MATERIAL PROVIDED -
..............................

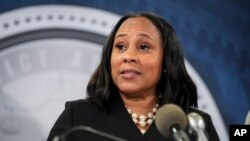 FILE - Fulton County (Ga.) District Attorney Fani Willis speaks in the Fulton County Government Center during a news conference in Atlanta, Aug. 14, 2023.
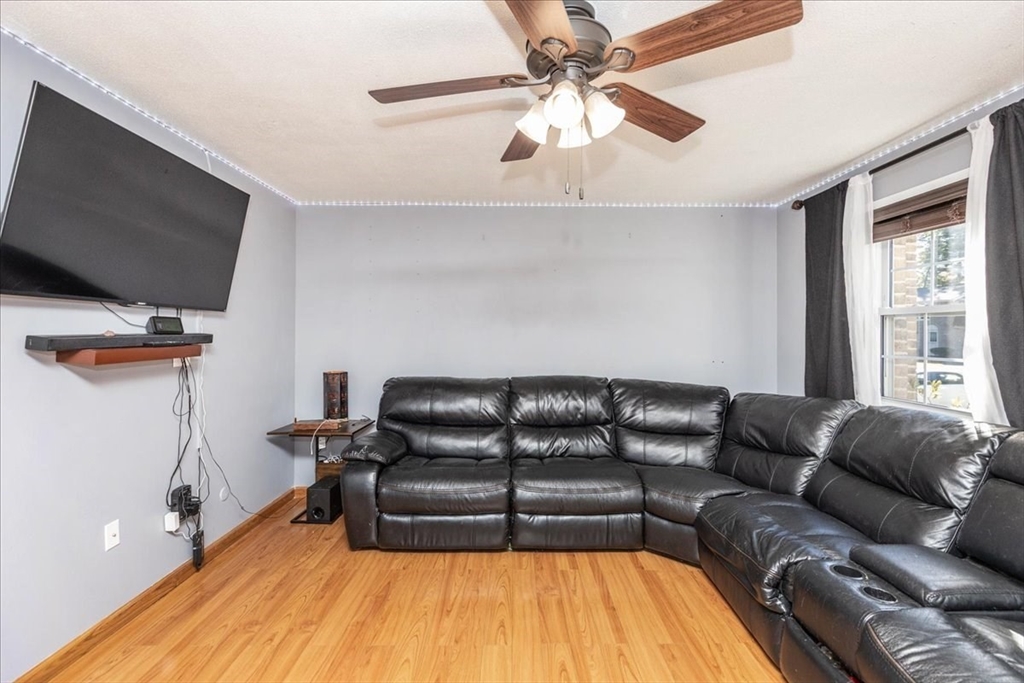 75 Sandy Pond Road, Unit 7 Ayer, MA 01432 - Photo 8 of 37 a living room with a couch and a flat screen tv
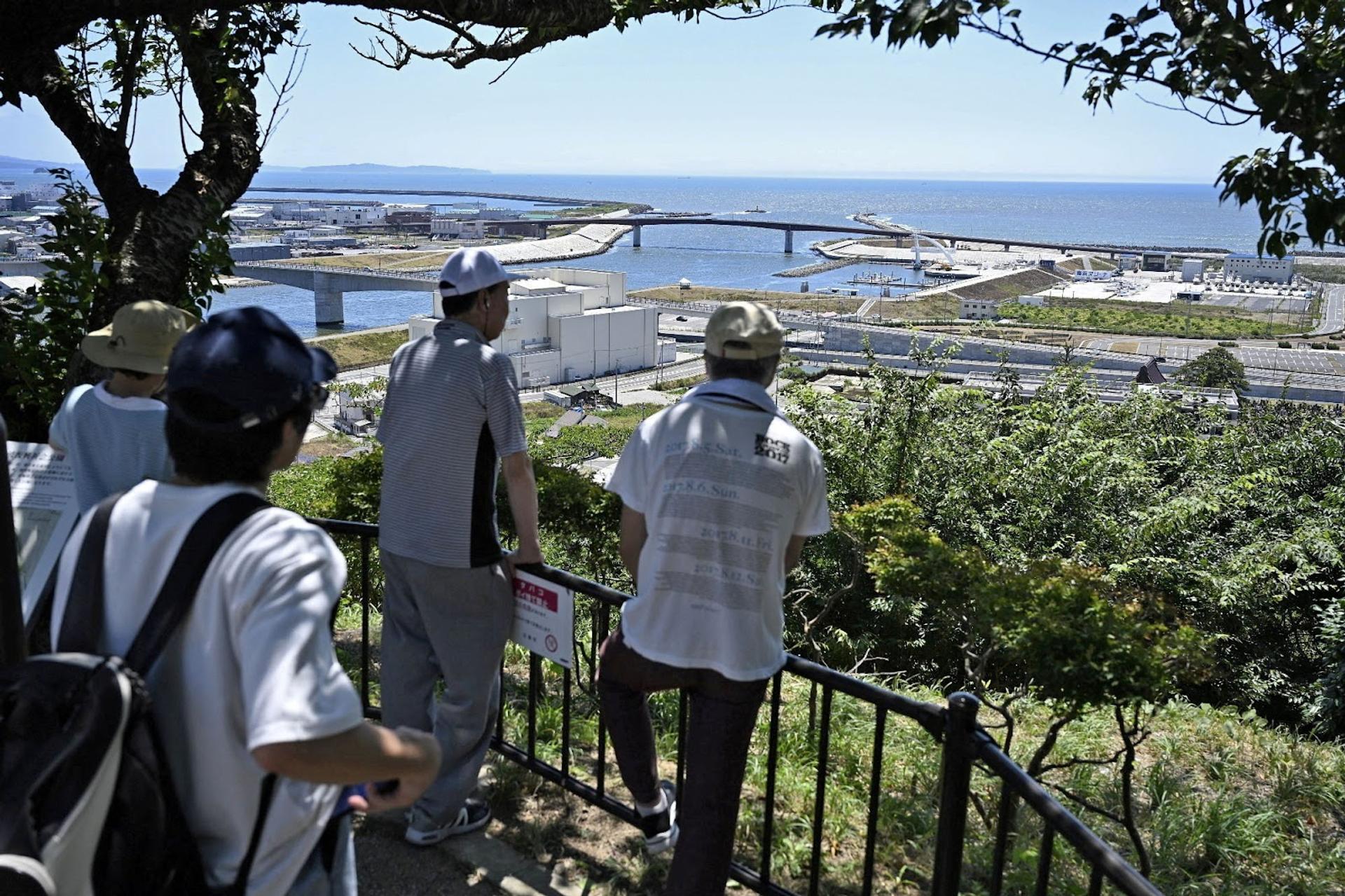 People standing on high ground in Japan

..............................

REQUIRED ACTION - The lines from the one holding "75 Sandy Pond" through the end of the material above are to be echoed exactly, both ends included. Do not include pictures.

THE ANSWER -
 75 Sandy Pond Road, Unit 7 Ayer, MA 01432 - Photo 8 of 37 a living room with a couch and a flat screen tv
 People standing on high ground in Japan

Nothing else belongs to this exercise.